Exercise >>
Write out the entries below exactly as they stand. Skip every image.

Material provided >>
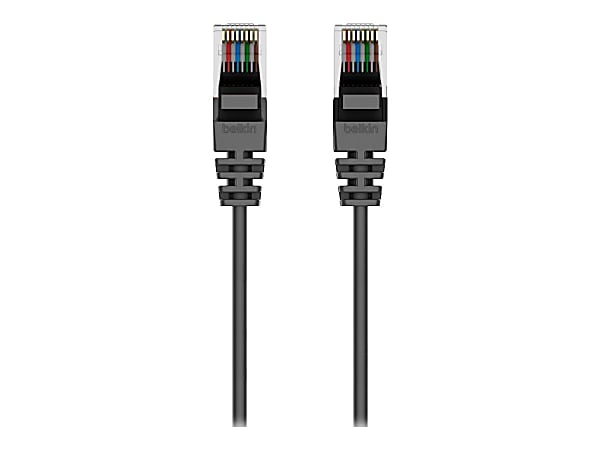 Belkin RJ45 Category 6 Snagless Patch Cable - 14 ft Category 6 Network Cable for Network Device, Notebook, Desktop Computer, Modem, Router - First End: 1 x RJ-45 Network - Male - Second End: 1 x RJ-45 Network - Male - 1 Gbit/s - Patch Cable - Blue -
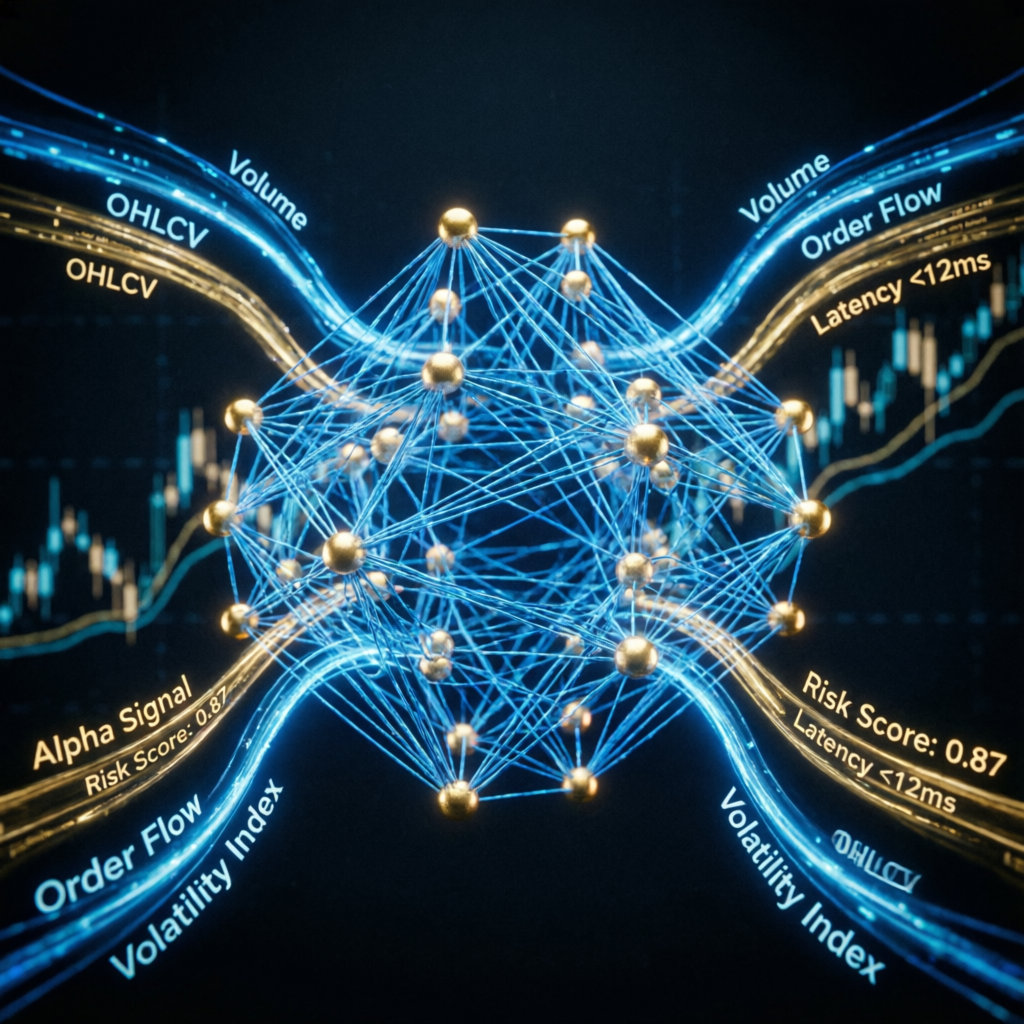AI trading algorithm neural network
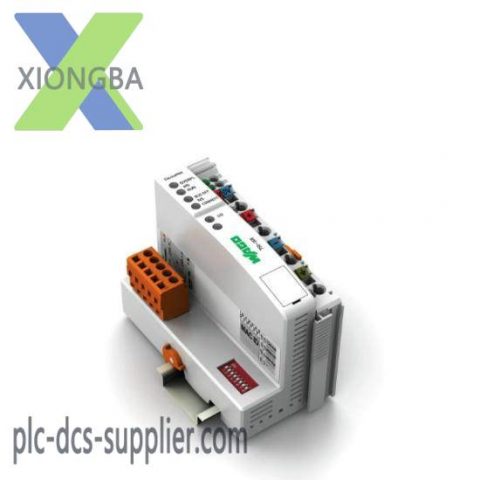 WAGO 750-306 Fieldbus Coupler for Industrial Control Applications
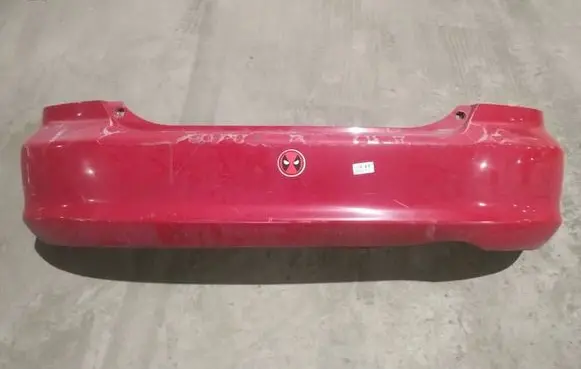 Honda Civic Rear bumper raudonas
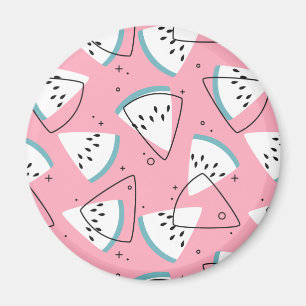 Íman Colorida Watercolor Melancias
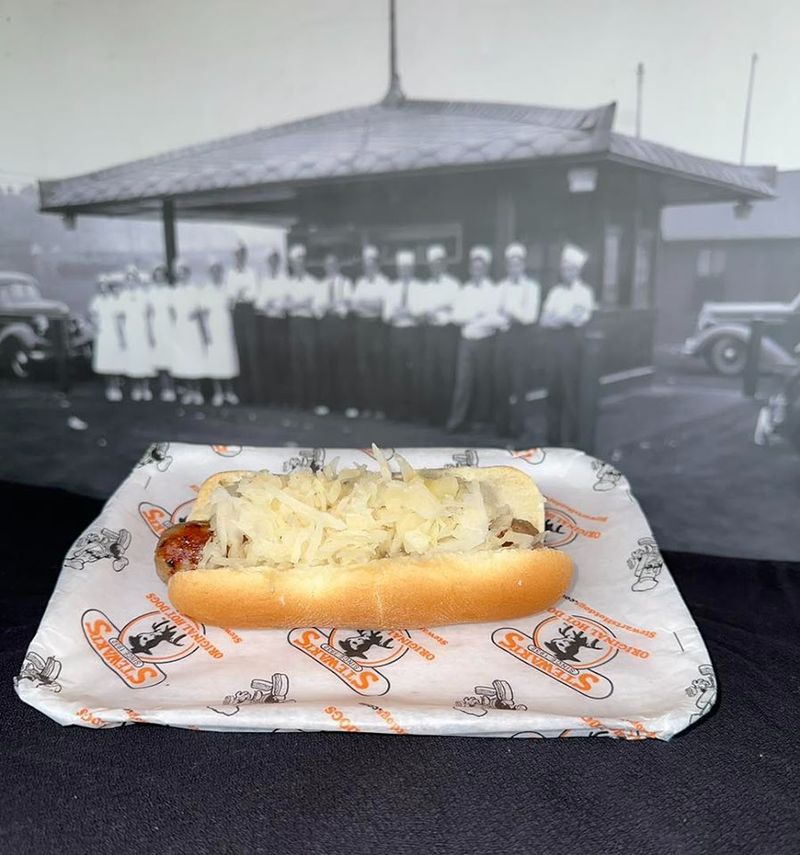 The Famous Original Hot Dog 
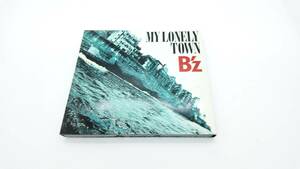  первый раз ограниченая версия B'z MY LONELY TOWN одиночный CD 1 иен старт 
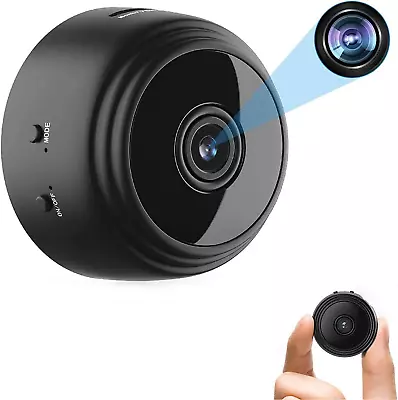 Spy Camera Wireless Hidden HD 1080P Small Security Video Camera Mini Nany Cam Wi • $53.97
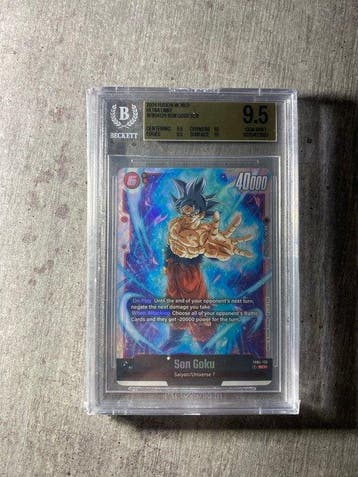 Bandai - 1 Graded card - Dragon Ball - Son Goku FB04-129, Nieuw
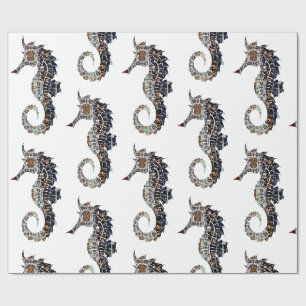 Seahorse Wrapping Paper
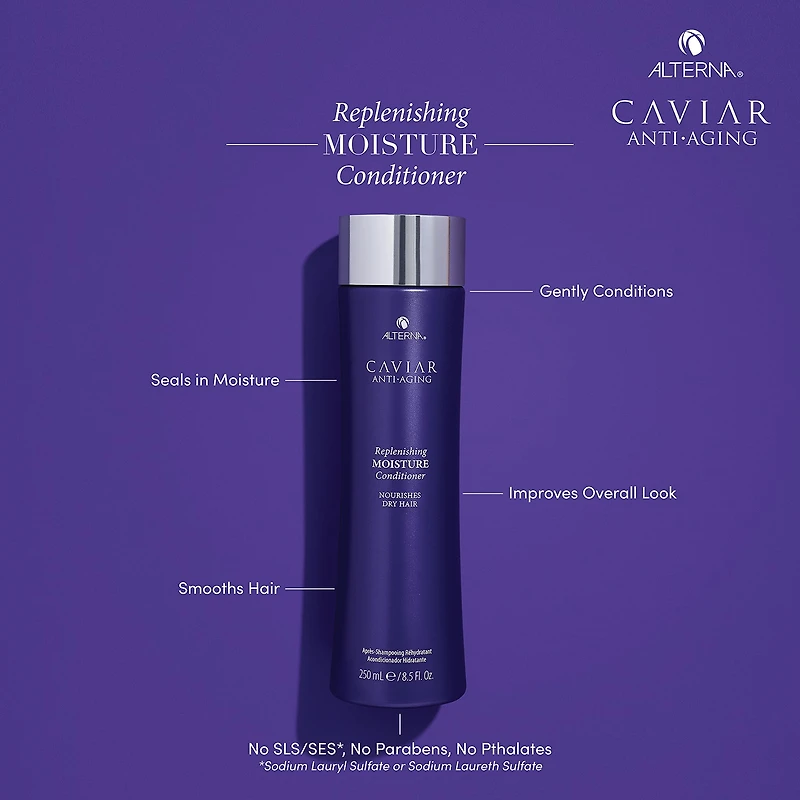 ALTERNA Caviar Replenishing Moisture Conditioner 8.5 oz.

Output of the task >>
 Belkin RJ45 Category 6 Snagless Patch Cable - 14 ft Category 6 Network Cable for Network Device, Notebook, Desktop Computer, Modem, Router - First End: 1 x RJ-45 Network - Male - Second End: 1 x RJ-45 Network - Male - 1 Gbit/s - Patch Cable - Blue -
AI trading algorithm neural network
 WAGO 750-306 Fieldbus Coupler for Industrial Control Applications
 Honda Civic Rear bumper raudonas
 Íman Colorida Watercolor Melancias
 The Famous Original Hot Dog 
  первый раз ограниченая версия B'z MY LONELY TOWN одиночный CD 1 иен старт 
 Spy Camera Wireless Hidden HD 1080P Small Security Video Camera Mini Nany Cam Wi • $53.97
 Bandai - 1 Graded card - Dragon Ball - Son Goku FB04-129, Nieuw
 Seahorse Wrapping Paper
 ALTERNA Caviar Replenishing Moisture Conditioner 8.5 oz.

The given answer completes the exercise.